Just got a new dtg m2 plus and after setting everything up, I ran a test print with the software they provided. (Rip pro 7)
Once the shirt came out, I didn’t get the details from the high res photo and it was blurry. I used a spider mini to pre treat and a heat press before loading into printer.


----------



## TABOB (Feb 13, 2018)

Photo is always useful in these cases... BUT most likeley you need some practice .
DTG is not like printing on paper. Mastering the pretreatment is half the job, and it does vary from garment to garment.


----------



## TABOB (Feb 13, 2018)

I received the PM, and It looks like you are trying to print as you would do on paper







. 

First of all, note that the black shirt is not actually black, but more like dark grey, and you want to print grey and pastel colors on it. This makes it very tricky.
It can be done, but you will need a very opaque white layer, and then a color layer with transparency, to go on top of it.
The only thing I can suggest without actually seeing how you are printing (pretreatment, settings etc), is to use small pieces of a sacrificial t-shirt to practice, until you get it right.
There are many DTG m2 instructional videos on YouTube. Just watch how they print black t-shirts and do the same.


----------



## Appletreekid (Aug 26, 2018)

Tabob,

Thanks for the pointers.
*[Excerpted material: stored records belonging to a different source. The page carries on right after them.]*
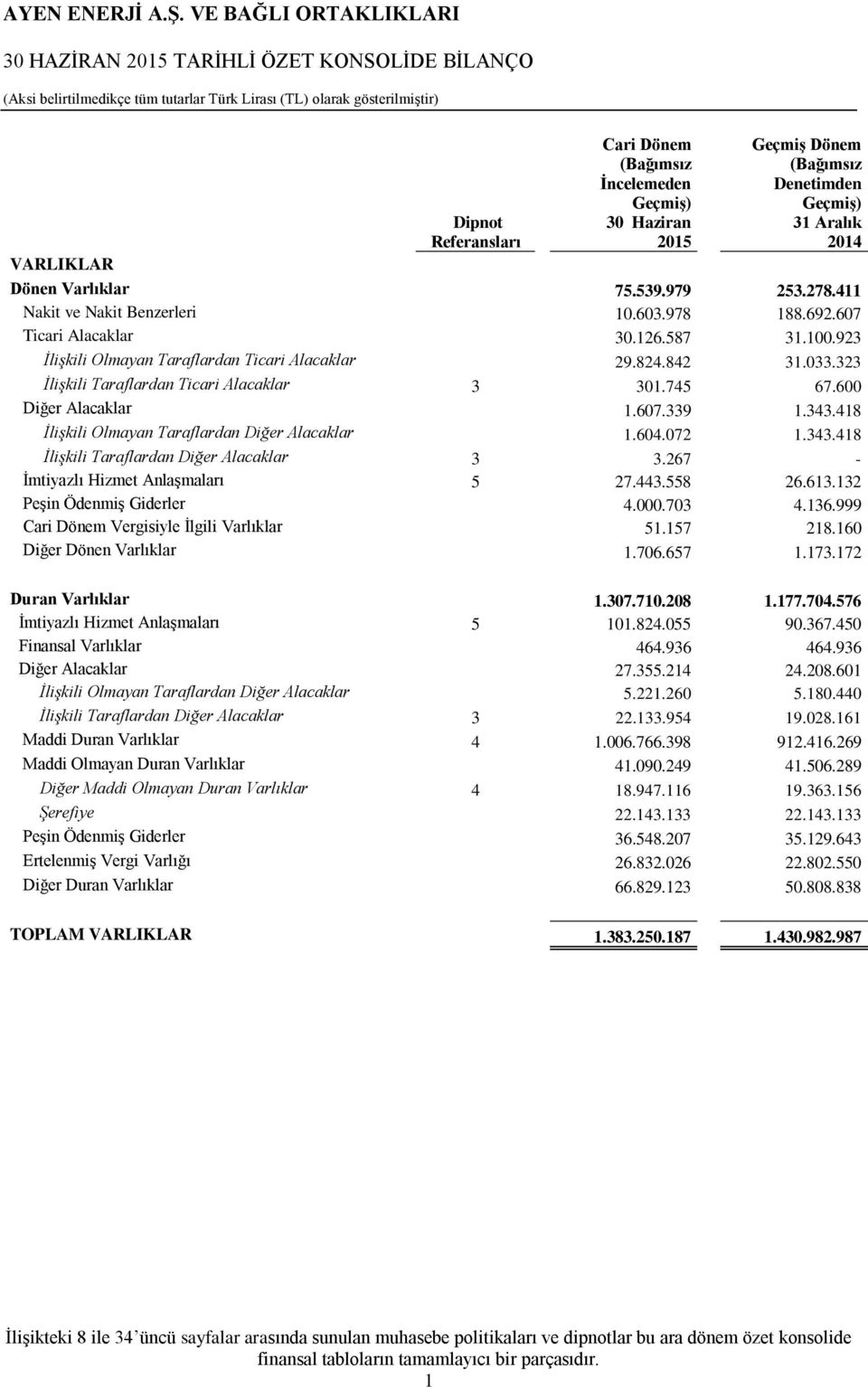 323 İlişkili Taraflardan Ticari Alacaklar 3 301.745 67.600 Diğer Alacaklar 1.607.339 1.343.418 İlişkili Olmayan Taraflardan Diğer Alacaklar 1.604.072 1.343.418 İlişkili Taraflardan Diğer Alacaklar 3 3.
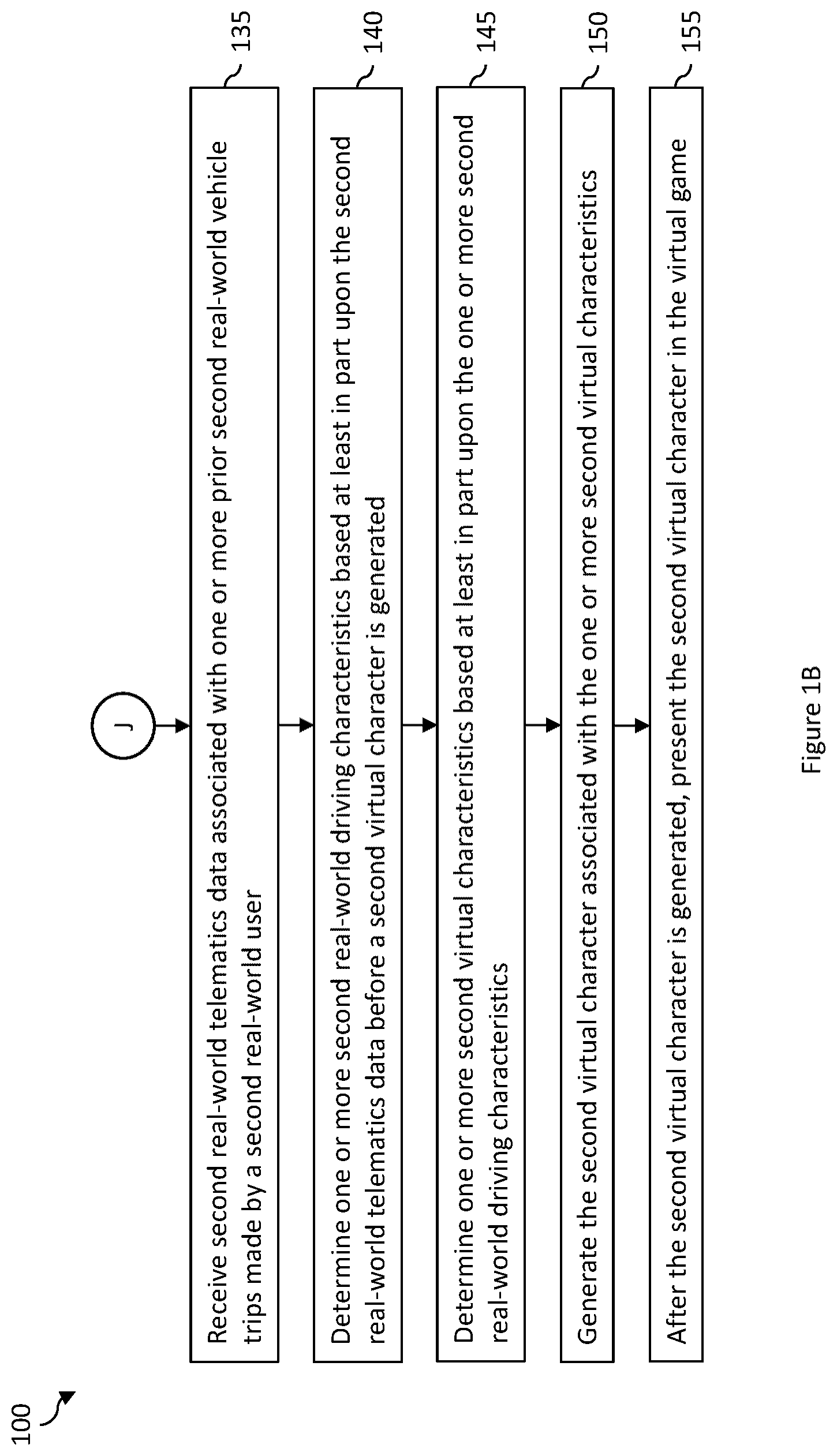 Patent US12350591 Figure 2 – Systems and methods for generating virtual characters for a game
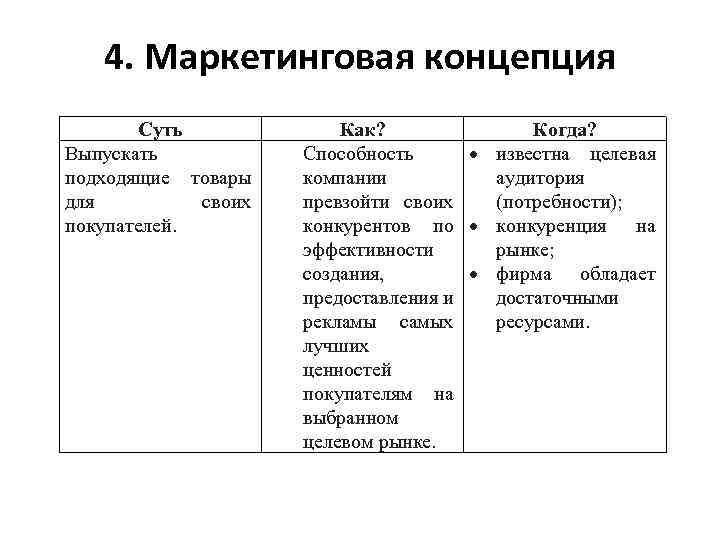 4. Маркетинговая концепция Суть Выпускать подходящие товары для своих покупателей. Как? Когда? Способность известна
The shirt is actually Black, the lighting in the room gave it a different shade. 

The videos on youtube from the actual company unfortunately does not show how to color adjust on the actual software, and just shows the actual shirt getting printed.


----------



## TABOB (Feb 13, 2018)

Come on now... it literally took me 2 seconds to find one.
https://www.youtube.com/watch?v=7kNpk4Ka2kY
I'm sure there are more.


----------